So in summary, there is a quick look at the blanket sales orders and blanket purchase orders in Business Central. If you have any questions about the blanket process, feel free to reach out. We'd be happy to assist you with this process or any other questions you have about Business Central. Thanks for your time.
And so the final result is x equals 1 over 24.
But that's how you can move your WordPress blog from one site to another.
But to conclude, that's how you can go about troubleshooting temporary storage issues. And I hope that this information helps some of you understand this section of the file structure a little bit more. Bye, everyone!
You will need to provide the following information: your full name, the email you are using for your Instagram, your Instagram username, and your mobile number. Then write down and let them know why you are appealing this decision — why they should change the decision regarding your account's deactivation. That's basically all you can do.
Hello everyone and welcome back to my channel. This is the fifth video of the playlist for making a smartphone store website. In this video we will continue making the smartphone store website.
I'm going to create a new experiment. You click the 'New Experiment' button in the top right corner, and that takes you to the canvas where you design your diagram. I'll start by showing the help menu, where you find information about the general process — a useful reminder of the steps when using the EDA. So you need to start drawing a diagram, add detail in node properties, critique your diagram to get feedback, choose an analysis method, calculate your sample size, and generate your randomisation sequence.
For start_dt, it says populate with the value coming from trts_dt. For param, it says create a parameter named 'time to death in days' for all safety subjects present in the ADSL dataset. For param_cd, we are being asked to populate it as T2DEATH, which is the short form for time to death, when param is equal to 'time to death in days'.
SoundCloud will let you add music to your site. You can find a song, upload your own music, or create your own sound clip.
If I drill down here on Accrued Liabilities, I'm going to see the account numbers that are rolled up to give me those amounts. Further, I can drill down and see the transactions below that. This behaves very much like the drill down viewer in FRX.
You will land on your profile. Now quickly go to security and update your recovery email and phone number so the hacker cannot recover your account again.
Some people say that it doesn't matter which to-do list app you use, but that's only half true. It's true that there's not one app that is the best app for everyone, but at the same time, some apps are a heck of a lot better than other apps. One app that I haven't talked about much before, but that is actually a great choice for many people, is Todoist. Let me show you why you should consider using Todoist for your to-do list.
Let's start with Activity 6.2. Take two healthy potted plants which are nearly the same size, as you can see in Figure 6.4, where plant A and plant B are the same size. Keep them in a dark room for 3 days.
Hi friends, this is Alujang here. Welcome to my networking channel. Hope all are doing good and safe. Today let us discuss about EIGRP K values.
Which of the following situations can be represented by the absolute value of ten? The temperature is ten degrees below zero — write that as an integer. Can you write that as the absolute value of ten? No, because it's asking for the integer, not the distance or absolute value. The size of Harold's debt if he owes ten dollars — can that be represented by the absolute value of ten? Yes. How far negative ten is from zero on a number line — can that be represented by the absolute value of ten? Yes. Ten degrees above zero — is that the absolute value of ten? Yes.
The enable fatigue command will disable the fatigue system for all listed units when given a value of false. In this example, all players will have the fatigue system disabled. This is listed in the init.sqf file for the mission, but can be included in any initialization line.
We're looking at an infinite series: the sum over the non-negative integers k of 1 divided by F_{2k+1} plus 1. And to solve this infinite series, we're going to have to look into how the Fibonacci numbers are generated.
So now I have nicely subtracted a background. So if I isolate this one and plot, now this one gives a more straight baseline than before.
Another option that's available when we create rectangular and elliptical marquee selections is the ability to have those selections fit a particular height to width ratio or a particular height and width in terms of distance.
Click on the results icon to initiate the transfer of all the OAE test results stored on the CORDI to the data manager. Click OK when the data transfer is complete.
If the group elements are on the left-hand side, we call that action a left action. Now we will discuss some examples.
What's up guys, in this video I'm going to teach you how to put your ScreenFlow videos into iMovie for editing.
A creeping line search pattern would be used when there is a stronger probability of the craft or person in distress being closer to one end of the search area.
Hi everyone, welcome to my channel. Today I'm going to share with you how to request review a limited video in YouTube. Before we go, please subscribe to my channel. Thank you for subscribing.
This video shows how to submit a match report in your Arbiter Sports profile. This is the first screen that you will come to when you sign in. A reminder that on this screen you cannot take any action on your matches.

= = = = = = =

▶ **What you need to do**:
Filter the records for lines holding the string "into". Copy each one.

▶ **Exercise output**:
We're looking at an infinite series: the sum over the non-negative integers k of 1 divided by F_{2k+1} plus 1. And to solve this infinite series, we're going to have to look into how the Fibonacci numbers are generated.
What's up guys, in this video I'm going to teach you how to put your ScreenFlow videos into iMovie for editing.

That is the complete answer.